Luke DeCock

DeCock: Pirates used to make ACC teams pay for playing like this

East Carolina's Adonis Armstrong (3) intercepts a pass intended for Virginia Tech's Demitri Knowles (80) in the second quarter on Saturday, September 14, 2013 at Dowdy-Ficklen stadium in Greenville, N.C.
East Carolina's Adonis Armstrong (3) intercepts a pass intended for Virginia Tech's Demitri Knowles (80) in the second quarter on Saturday, September 14, 2013 at Dowdy-Ficklen stadium in Greenville, N.C.

The names and faces change and coaches come and go and old Dowdy-Ficklen gets bigger and louder, but some things never change for the ACC teams that come here looking for an easy nonconference win.

Virginia Tech escaped this purple-clad viper pit Saturday only through the grace of an East Carolina team unwilling to accept the parade of gifts, second chances and freebies the Hokies sent the Pirates’ way.

That’s changed: Give East Carolina that many chances and the Pirates used to send opponents home suitably chastened.

For East Carolina to be the program it wants to be – and was for a long time – this was a game it had to win, against a Virginia Tech team ticketed for mediocrity, a stout defense the last pillar of Beamer Ball still standing. To get this close and not finish the job, falling 15-10, should be considered unacceptable given East Carolina’s giant-killing tradition.
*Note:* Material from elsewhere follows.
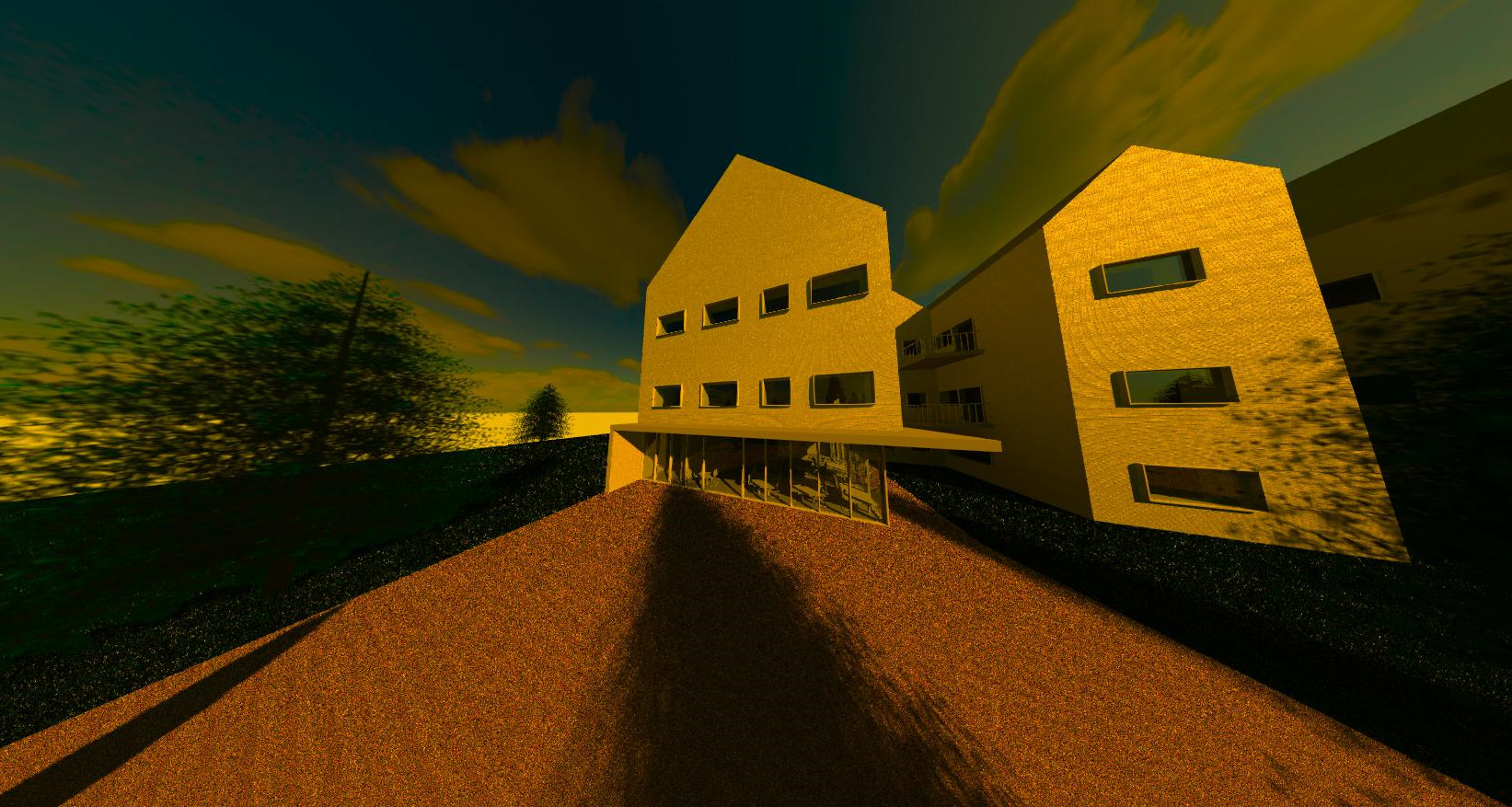 Wizualizacja 3D nowoczesnego domu z płaskim dachem, oświetlonego ciepłym światłem zachodzącego słońca. Widok z dołu, podkreślający bryłę budynku i otaczający krajobraz.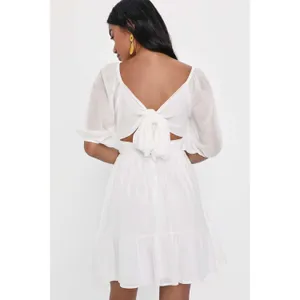 NWT Lulus Ethereal Arrival White Puff Sleeve Tie-Back Chiffon Mini Dress Size S thumbnail 3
“We have a lot of pride. We believe in ourselves. We expected to win the game today,” East Carolina coach Ruffin McNeill said. “So they’re a little bit down. That’s to be expected of a team of this caliber, that has aspirations of accomplishing something this year.”

Some of the damage was self-inflicted. The Pirates needed only 91 seconds to score the game’s first touchdown. The Hokies adjusted, dialed up the aggression and spent the rest of the afternoon in quarterback Shane Carden’s face. East Carolina was admittedly unprepared for the unexpected pressure.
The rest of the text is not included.